**Directions for this task:**
Each line from the start of the data below through the one containing "Prodej rodinného domu, Dobrovice, Husova" must be reproduced exactly.

**The input:**
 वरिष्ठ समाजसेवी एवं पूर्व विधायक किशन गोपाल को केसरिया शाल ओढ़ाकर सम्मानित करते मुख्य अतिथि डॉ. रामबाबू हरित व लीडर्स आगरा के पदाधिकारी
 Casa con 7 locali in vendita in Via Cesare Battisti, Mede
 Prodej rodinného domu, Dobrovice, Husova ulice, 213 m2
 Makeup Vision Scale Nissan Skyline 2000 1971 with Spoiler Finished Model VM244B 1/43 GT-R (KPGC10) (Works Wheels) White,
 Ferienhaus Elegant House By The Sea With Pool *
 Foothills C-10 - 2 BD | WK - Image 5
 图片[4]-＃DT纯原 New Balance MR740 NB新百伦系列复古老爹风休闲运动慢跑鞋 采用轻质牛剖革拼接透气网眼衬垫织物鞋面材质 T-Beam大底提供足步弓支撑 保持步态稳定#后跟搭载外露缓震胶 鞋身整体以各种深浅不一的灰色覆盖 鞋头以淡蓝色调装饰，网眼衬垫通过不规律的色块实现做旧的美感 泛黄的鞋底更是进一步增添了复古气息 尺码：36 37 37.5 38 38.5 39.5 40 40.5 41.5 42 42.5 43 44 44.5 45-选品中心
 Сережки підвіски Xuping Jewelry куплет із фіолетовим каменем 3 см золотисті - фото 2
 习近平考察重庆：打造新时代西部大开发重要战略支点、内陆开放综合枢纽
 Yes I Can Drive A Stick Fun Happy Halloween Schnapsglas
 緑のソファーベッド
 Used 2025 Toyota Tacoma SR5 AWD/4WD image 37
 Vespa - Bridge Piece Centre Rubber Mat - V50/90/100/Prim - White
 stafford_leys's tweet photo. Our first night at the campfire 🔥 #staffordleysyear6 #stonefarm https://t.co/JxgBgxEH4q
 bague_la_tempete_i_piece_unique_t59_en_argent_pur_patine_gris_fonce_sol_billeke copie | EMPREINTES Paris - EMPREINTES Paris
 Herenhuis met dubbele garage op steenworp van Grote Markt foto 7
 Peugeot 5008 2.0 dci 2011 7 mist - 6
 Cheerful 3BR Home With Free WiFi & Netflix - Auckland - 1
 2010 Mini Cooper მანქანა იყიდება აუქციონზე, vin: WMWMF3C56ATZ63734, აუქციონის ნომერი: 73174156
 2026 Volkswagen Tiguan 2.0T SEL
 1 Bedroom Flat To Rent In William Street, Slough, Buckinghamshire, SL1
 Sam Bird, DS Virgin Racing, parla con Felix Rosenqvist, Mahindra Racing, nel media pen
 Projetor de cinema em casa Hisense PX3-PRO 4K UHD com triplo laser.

**Response to this task:**
 वरिष्ठ समाजसेवी एवं पूर्व विधायक किशन गोपाल को केसरिया शाल ओढ़ाकर सम्मानित करते मुख्य अतिथि डॉ. रामबाबू हरित व लीडर्स आगरा के पदाधिकारी
 Casa con 7 locali in vendita in Via Cesare Battisti, Mede
 Prodej rodinného domu, Dobrovice, Husova ulice, 213 m2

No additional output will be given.